This case is expected to achieve the effect of reducing the movement speed Vc of the center of pressure CoP along the downward inclination.

Preferably, the tunnel-shaped or groove-shaped hollow extends from the rearfoot portion 1R to a position of at least 80% of the entire length of the shoe sole.

In this case, the hollow is expected to achieve an effect in a range from the rearfoot portion to the forefoot portion.

Preferably, the shoe sole includes:

the outsole 4 having a contact surface 4f; and

the midsole 1 forming the midsole 1 and arranged over the outsole 4.

The midsole 1 is made of a softer material than the outsole 4,

the midsole 1 includes the rearfoot portion 1R, the middle foot portion 1M, and the forefoot portion 1F;

the tunnel-shaped hollow 1T is provided in a range from 10 to 30% of the entire length of the shoe sole from the posterior end Se of the shoe sole; and

the tunnel-shaped or groove-shaped hollow 1T, 1G has a downward inclination toward the front direction in a range from 30 to 40% of the entire length of the shoe sole from the posterior end Se of the shoe sole.

Generally, the midsole is thick in the range from 10 to 30% to facilitate formation of the tunnel-shaped hollow.

The downward inclination is further provided at the hollow existing in the range from 30 to 40%. This will facilitate control of the movement speed Vc of the center of pressure CoP in the range from 10 to 40%.

Preferably, the shoe sole includes the outsole 4 having a contact surface; and

the midsole 1 forming the midsole 1 and arranged over the outsole 4.

The midsole 1 is made of a softer material than the outsole 4; and

the midsole 1 is made of a harder material than an insole and a sock liner arranged over the midsole 1.

The foregoing midsole will fulfill performance as a midsole easily.

The hardness of the midsole is generally set from about 40 to about 75 degrees in terms of Asker C hardness, for example.
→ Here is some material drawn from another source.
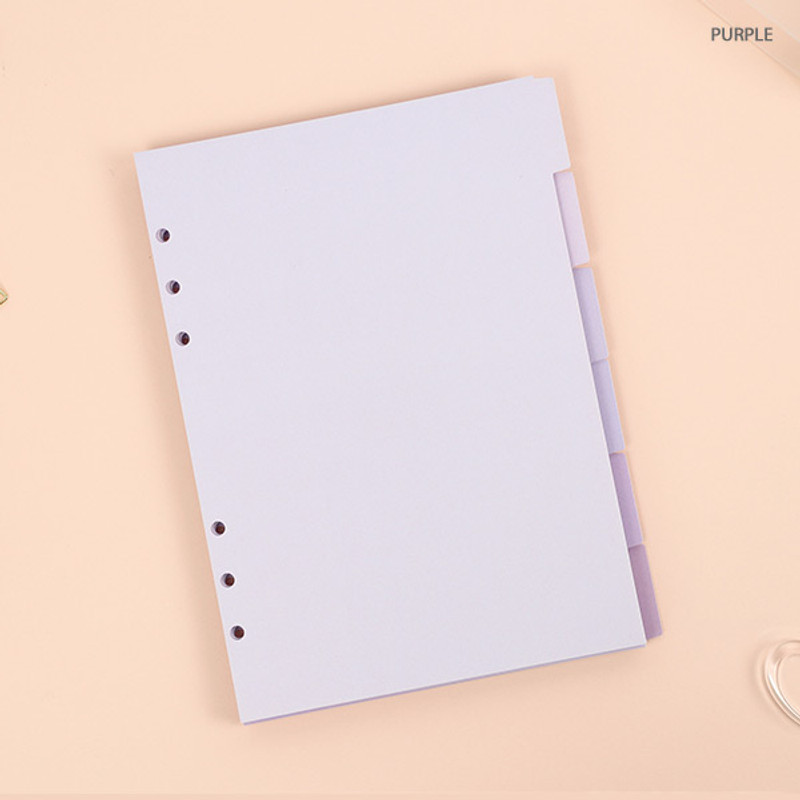 Purple - PAPERIAN Index loose-leaf binder paper 6-ring A5 size refill Purple - PAPERIAN Index loose-leaf binder paper 6-ring A5 size refill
Even if a material for the midsole has high hardness, giving a flexible structure to the midsole still fulfils a function corresponding to such hardness. Meanwhile, the hardness of an outsole is generally set from about 55 to about 70 degrees in terms of JIS A hardness. The hardness of 70 degrees in terms of this A hardness corresponds to about 86 degrees in terms of the foregoing C hardness.

An insole or a sock liner is generally softer than the midsole and is set at lower harness in terms of Asker C hardness than the midsole by a range from about 5 to about 30 degrees.

Any feature illustrated and/or depicted in conjunction with one of the aforementioned aspects or the following embodiments may be used in the same or similar form in one or more of the other aspects or other embodiments, and/or may be used in combination with, or in place of, any feature of the other aspects or embodiments.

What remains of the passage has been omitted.